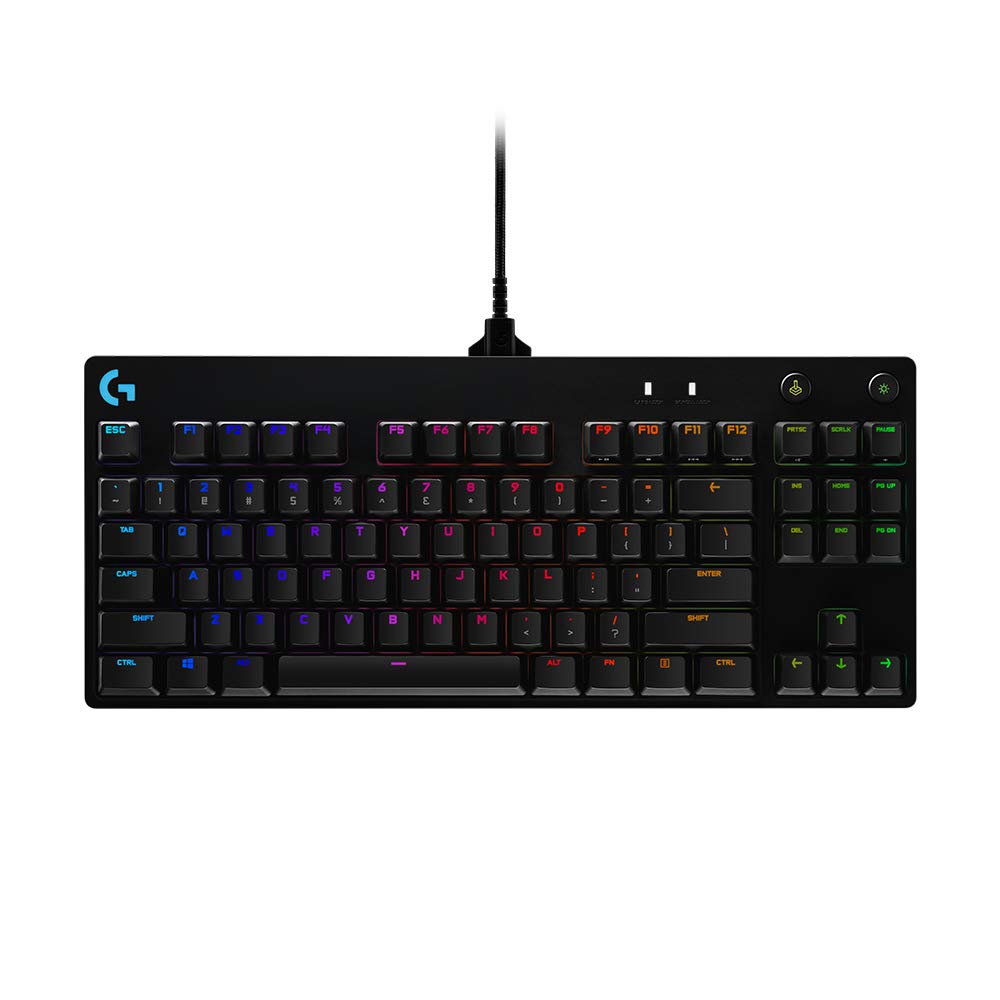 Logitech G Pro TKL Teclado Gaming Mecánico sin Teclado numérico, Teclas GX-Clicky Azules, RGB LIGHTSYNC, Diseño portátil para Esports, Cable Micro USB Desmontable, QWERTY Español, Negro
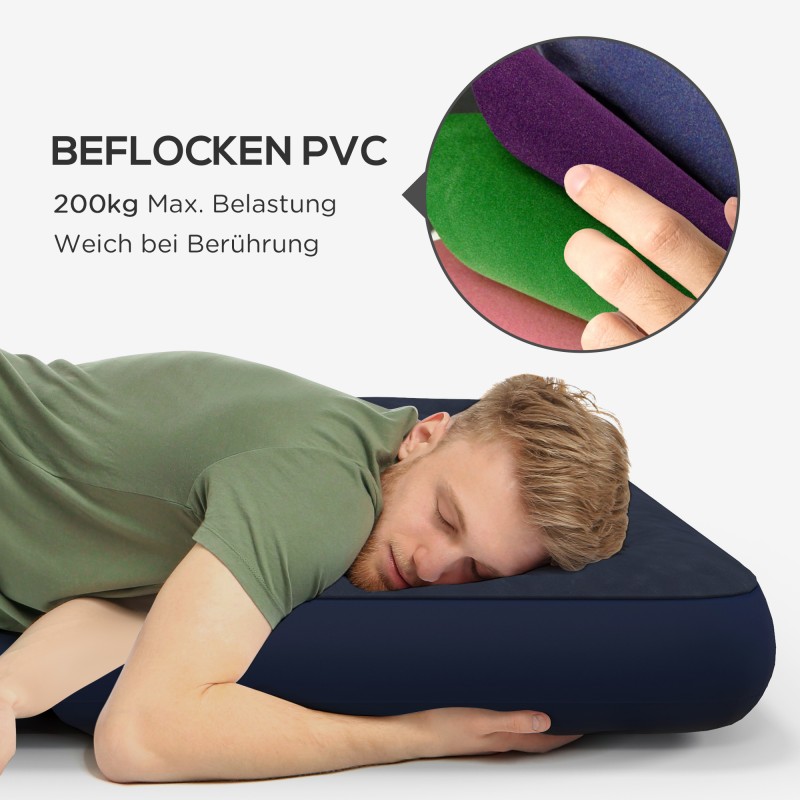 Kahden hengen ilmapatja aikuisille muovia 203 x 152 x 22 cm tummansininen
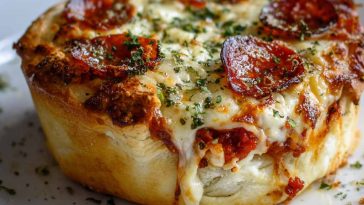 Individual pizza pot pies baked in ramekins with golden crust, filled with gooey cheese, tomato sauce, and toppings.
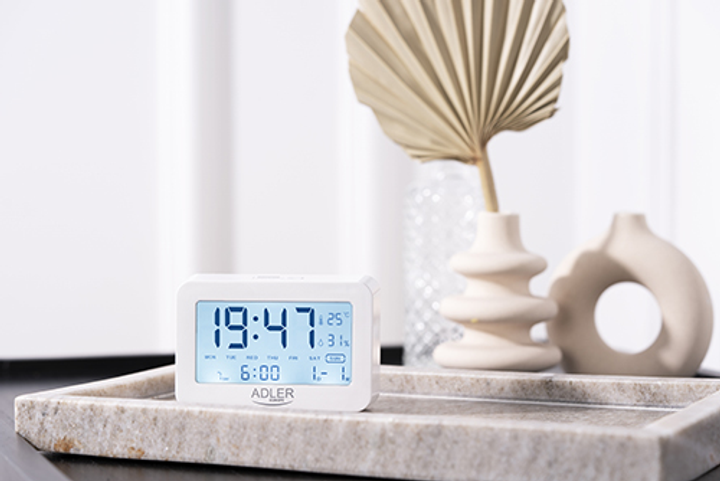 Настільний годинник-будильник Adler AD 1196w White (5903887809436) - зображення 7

▶ [What you need to do] Pictures stay out; print everything else in the data exactly.

▶ [Result below]
 Logitech G Pro TKL Teclado Gaming Mecánico sin Teclado numérico, Teclas GX-Clicky Azules, RGB LIGHTSYNC, Diseño portátil para Esports, Cable Micro USB Desmontable, QWERTY Español, Negro
 Kahden hengen ilmapatja aikuisille muovia 203 x 152 x 22 cm tummansininen
 Individual pizza pot pies baked in ramekins with golden crust, filled with gooey cheese, tomato sauce, and toppings.
 Настільний годинник-будильник Adler AD 1196w White (5903887809436) - зображення 7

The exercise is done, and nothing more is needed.